Saturday, April 21, 2012

Making Emergency Preparations For Your Pet

Many times the pets in our lives become more than just animals – they become family!
Pets depend on us for their safety and well-being. The best way to protect them is to have a plan for their safety during an emergency. Here are some things you can do to create a plan to protect your pet in an emergency.

Prepare beforehand
Evacuation plans - Plan to take your pet with you in an evacuation. Know which hotels and motels along your evacuation route allow for pets. If you think an evacuation might be coming, call ahead to make reservations. Ask if no-pet policies can be overlooked during an evacuation.

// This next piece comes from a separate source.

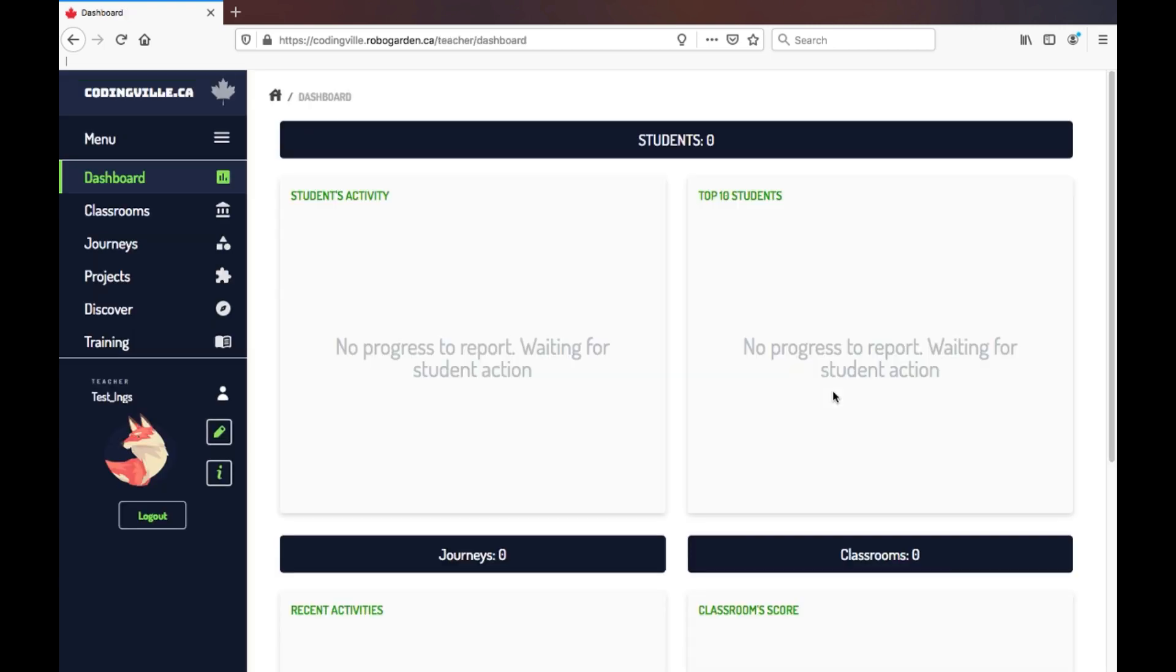Great! Now that you are logged in, you can see on the left-hand side of the screen several menu options. We will be going through each one and discussing how to use it and its main features.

Red Cross - Note that the Red Cross cannot accept pets. They only allow service animals that assist people to be in a Red Cross shelter.

Drills - Include your pets in evacuation drills. This will help your family realize what they can do to help your pet but it will also help your pet become accustomed to their carriers.

ID Information - Make sure that your pets are wearing collars with up-to-date information. Also consider including your pet’s vaccination information with your emergency documents. Many times, pet shelters will require proof of current vaccinations in an emergency to reduce the spread of disease.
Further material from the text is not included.